For the records below, print the lines from the line with "1130 N.W. #4 - Photo 4 of 17" through the line with "8972 CALIFORNIA PALM" exactly as written; include both end lines and exclude the rest.

(Dataset records):
------------------------------------------------------------

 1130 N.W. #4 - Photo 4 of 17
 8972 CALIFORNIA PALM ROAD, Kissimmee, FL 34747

------------------------------------------------------------

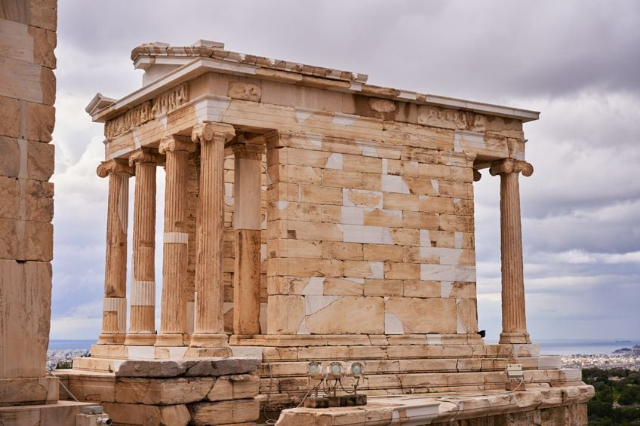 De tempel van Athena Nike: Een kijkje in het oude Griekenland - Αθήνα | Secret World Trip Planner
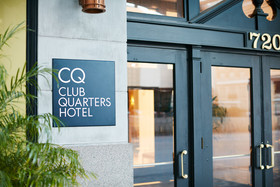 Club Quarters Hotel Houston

------------------------------------------------------------

(Answer):
 1130 N.W. #4 - Photo 4 of 17
 8972 CALIFORNIA PALM ROAD, Kissimmee, FL 34747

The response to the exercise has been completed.